Reasons to avoid ‘nulled’ or unlicensed WordPress plugins
WordPress is an amazing system with thousands of hours of development behind it, backed up with hundreds of free and commercial plugins to add features, make it easier to use and even turn it into a forum or online shop. A common model is ‘freemium’ where you get a cut down version for free and can then upgrade to a paid version with extra features. There are also countless ‘themes’ that change the visual appearance of your site.
These paid plugins and themes are usually available from WooCommerce.com or the developers’ own websites. Due to a quirk in the GPL license that all WordPress code must use, it’s actually not illegal to use the premium plugins/themes if you can get hold of a copy.
Some enterprising individuals have set up whole websites full of these premium WordPress themes and plugins, either for free, or a lower cost than direct from the developers. Other sites remove the copy protection from the code – often called ‘nulled’ software. So either by license quirk our dodgy coding, you can get software for free.
Here are three reasons to NOT do that.
1. Supporting Developers
Developers need to make money off their products to keep them up to date, provide technical support and feed themselves. If they can’t make it pay, they often stop developing plugins and that can leave you high and dry if your website depends on that code. WordPress advances or PHP gets an update and now your site doesn’t work so you have to rebuild some or all of it. Also ethics – how would you feel if someone stole your work? Do you want to financially support people who hijack other peoples’ hard work?
If you are obtaining plugins from unofficial sources, there is nothing stopping the supplier inserting whatever code they want into that theme or plugin. Want links to porn sites, advertising popups, someone skimming your checkout or sending spam from your site? All these things are possible in that stolen code. Imagine the damage to your company reputation if some or all of those things happened. Not worth skimping on a £50 theme/plugin license.
3. Easy Updates and Tech Support
WordPress has a built in updater that gets code from official sources. It’s fairly straightforward to keep your site up to date from within the control panel. These sketchy themes and plugins don’t have auto update, so updating will be a manual process. If you’ve got ten plugins and update everything weekly, that’s a lot of work.
Also, if you hit any snags, you won’t have access to technical support which again can leave you high and dry if there’s a compatibility issue. If you’ve got a theme and ten plugins and something breaks, that could mean your site offline with nobody to turn to.
But how do I know if PluginX is going to work?
Testing out a particular plugin is the one time I would recommend using these methods of obtaining software.

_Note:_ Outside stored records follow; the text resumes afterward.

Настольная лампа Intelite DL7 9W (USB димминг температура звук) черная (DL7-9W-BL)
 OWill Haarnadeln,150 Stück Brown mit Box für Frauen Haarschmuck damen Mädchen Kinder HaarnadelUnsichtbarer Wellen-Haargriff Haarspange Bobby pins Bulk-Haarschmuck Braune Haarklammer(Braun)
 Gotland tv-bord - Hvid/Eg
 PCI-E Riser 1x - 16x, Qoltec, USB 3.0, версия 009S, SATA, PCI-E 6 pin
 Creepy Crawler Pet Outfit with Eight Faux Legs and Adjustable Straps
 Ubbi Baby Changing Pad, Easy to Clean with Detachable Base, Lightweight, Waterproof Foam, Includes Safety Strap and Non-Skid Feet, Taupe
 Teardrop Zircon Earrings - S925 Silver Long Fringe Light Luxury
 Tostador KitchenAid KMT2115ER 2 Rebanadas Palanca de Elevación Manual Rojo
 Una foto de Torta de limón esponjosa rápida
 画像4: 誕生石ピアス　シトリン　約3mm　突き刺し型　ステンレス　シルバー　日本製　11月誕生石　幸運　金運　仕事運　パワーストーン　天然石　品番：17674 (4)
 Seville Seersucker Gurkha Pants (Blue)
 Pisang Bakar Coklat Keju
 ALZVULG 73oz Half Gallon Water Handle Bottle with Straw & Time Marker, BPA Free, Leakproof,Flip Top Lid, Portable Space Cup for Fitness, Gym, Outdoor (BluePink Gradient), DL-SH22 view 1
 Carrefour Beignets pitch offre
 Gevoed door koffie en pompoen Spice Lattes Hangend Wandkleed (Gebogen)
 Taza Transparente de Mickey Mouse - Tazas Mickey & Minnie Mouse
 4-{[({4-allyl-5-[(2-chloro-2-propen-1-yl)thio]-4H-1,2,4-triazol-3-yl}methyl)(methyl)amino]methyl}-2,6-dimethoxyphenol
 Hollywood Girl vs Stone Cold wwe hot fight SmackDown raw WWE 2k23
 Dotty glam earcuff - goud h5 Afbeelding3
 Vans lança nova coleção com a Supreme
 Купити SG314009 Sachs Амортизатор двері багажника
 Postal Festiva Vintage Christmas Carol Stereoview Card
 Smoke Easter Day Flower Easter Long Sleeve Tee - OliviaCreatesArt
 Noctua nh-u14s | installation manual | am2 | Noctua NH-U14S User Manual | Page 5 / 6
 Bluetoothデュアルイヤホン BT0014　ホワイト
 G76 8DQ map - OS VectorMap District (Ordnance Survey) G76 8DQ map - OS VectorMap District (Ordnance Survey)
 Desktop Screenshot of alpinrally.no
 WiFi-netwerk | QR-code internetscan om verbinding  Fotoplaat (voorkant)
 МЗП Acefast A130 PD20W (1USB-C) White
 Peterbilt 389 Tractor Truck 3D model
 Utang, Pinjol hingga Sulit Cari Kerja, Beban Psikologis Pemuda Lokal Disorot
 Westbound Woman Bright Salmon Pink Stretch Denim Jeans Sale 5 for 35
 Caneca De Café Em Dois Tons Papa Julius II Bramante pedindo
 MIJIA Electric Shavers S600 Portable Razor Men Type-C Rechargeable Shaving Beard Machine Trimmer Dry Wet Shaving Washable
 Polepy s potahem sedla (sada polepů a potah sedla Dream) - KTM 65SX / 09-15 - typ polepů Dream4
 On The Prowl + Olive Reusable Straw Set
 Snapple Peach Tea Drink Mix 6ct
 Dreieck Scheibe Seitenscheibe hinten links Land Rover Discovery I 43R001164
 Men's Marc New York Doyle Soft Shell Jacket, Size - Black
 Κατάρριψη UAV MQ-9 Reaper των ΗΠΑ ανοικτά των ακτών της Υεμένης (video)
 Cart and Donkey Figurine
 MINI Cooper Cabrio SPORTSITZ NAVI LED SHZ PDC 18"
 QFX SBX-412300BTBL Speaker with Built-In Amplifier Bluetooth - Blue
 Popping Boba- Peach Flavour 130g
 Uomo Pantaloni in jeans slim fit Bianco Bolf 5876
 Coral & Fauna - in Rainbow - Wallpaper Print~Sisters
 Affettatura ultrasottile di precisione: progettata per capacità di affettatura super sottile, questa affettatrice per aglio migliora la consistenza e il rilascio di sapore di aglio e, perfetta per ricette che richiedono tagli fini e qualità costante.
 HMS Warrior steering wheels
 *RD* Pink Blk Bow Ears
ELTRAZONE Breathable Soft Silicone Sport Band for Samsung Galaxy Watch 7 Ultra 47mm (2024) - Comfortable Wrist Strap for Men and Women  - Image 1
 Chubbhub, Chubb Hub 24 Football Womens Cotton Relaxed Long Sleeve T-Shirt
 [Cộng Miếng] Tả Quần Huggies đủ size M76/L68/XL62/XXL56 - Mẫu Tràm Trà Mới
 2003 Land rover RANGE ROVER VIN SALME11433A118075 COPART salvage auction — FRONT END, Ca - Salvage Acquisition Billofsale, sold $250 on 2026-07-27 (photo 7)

There are often no demos available that allow enough access to properly test out a system, especially something like an events calendar or booking system. We’ve seen clients buy a plugin and it turn out to be unsuitable or so broken it’s not fit for purpose. Developers sometimes also make claims that aren’t strictly true in their marketing, so it can be good to test it out to be sure it meets your needs. As long as you license the theme/plugins for the live site and make sure to delete the test site, the risk will be low.
There are sketchy places to get commercial themes and plugins for free, but there are some very solid reasons to not do so if you value your website and/or business reputation. They can be a good way of testing things out if there is no trial version however.